Browsing the blog archivesfor the day Tuesday, January 8th, 2008.


William Steig, Camille Pisarro and I.B. Singer

Art

The Jewish Museum building on 5th Avenue and 92nd St, was once the Warburg family mansion; it has been adapted into a museum, expanded and has kept it’s grace and beauty.

The exhibit has William Steig’s  creative, original, delicately colored, beautifully drawn, drawings from his New Yorker cartoons, and from his wonderful children’s books.

The museum information about the work and the artist is unusually good too. Steig’s Bronx childhood and his life in New York, have the familiarity of listening to family story. Part of the exhibit includes his notes with the animators of Shrek and the animators drawings.

Also,  Steig’s gentle voice fills the gallery, from a video interview.

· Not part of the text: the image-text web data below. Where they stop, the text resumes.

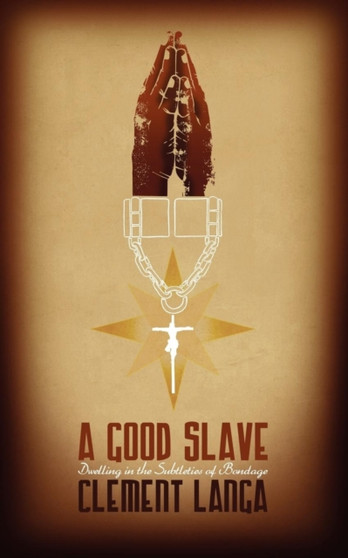 A Good Slave : Dwelling in the Subtleties of Bondage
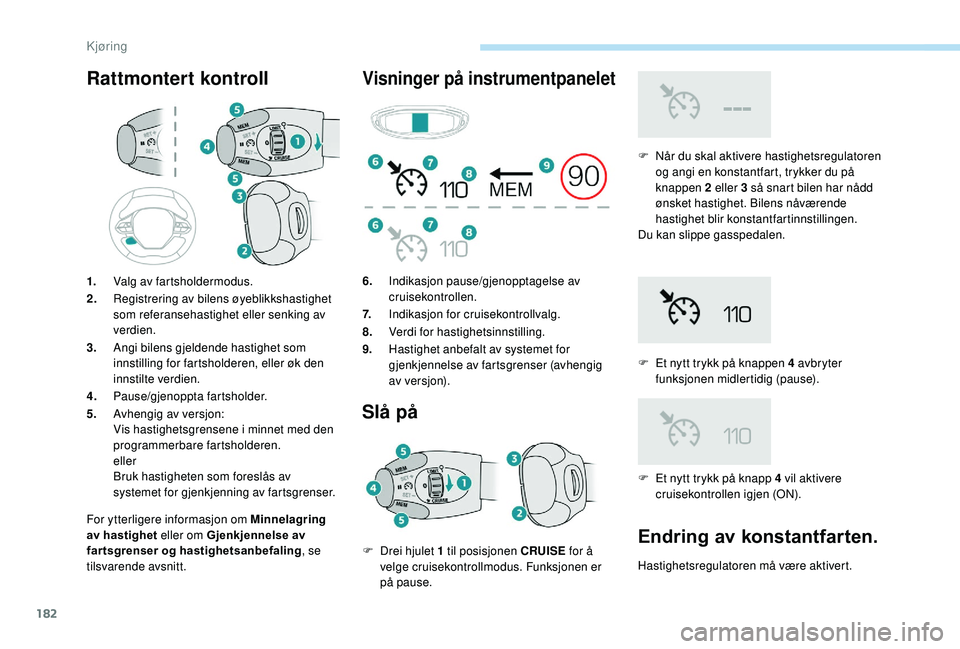PEUGEOT 5008 2018  Instruksjoner for bruk (in Norwegian) 182
Rattmontert kontroll
For ytterligere informasjon om Minnelagring 
av hastighet eller om Gjenkjennelse av 
fartsgrenser og hastighetsanbefaling, se 
tilsvarende avsnitt.
Visninger på instrumentpan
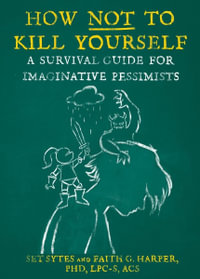 How Not To Kill Yourself : A Survival Guide for Imaginative Pessimists - Set Sytes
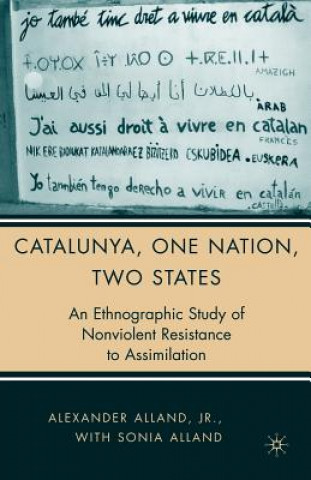 Book Catalunya, One Nation, Two States Alexander Alland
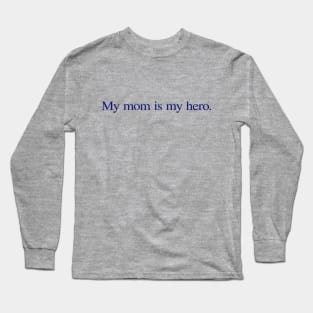 My mom is my hero. Long Sleeve T-Shirt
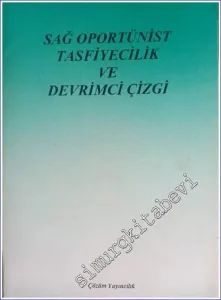 Sağ Oportünist Tasfiyecilik ve Devrimci Çizgi  -        1994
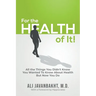 For The Health Of It!: All the Things You Didn't Know You Wanted to Know About Health But Now You Do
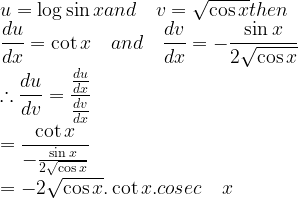\displaystyle u=\log { \sin { x } and\quad v=\sqrt { \cos { x } } } then\\ \frac { du }{ dx } =\cot { x } \quad and\quad \frac { dv }{ dx } =-\frac { \sin { x } }{ 2\sqrt { \cos { x } } } \\ \therefore \frac { du }{ dv } =\frac { \frac { du }{ dx } }{ \frac { dv }{ dx } } \\ =\frac { \cot { x } }{ -\frac { \sin { x } }{ 2\sqrt { \cos { x } } } } \\ =-2\sqrt { \cos { x } } .\cot { x } .cosec\quad x 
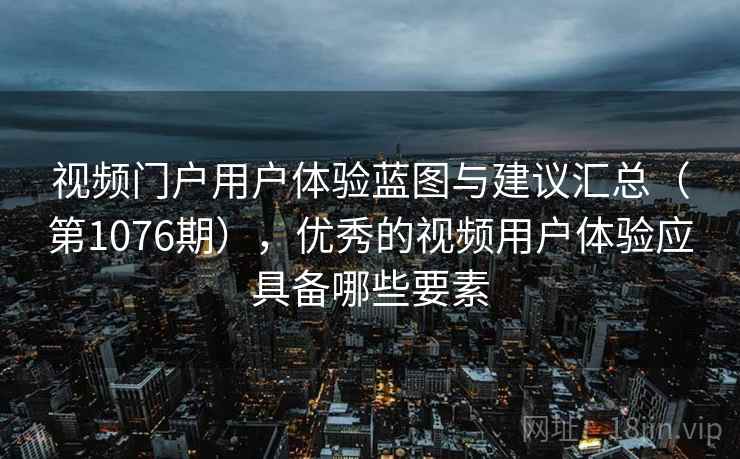 视频门户用户体验蓝图与建议汇总（第1076期），优秀的视频用户体验应具备哪些要素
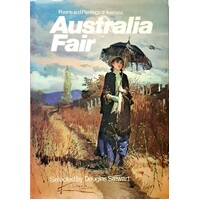Australia Fair. Poems And Paintings Of Australia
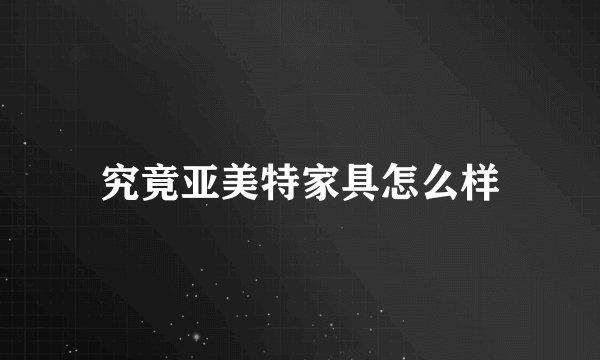 究竟亚美特家具怎么样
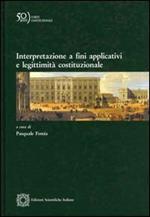 Interpretazione a fini applicativi e legittimità costituzionale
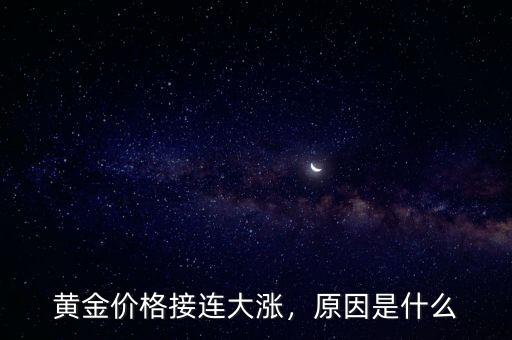黃金價(jià)格接連大漲，原因是什么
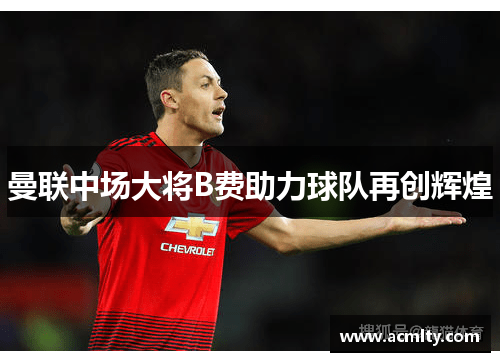 曼联中场大将B费助力球队再创辉煌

Visiting kids had stories read to them in special story rooms at the exhibit. It is wonderful to be absorbed into Steig’s esthetic and humor. Did you know that schrek means “fear” or “scream” in Yiddish? 

Upstairs, there is an absolutely not to be missed video of I.B.Singer. The project was funded as a documentary but the film-maker/photographer, Bruce Davidson, and Singer wanted to produce Singer’s story called “Mrs. Pupko’s Beard”. They produced this ”documentary” in which Singer narrates his story, and we see the story acted out, and meet Mrs. Pupko and her great beard. We get to enjoy what is best about being completely idiosyncratic.

When you watch this video, don’t miss the details of the background in the shots of Singer feeding the pigeons on Broadway: there is the Upper West Side before the banks, drug stores and big mall stores took over the shops. 

The Camille Pisarro show had some startling information about some of the Impressionist painters. They respected Camille Pisarro as a founder of Impressionism, and even called him “Pere Pisarro”.  

When the Dreyfus Affair happened, some sided with Dreyfus: Pisarro, Monet and Cassat while “Renoir, Cezanne and Degas sided with the French government and even made anti-semitic comments against Pisarro, their former friend and colleague.”  This is something one would not learn in another museum.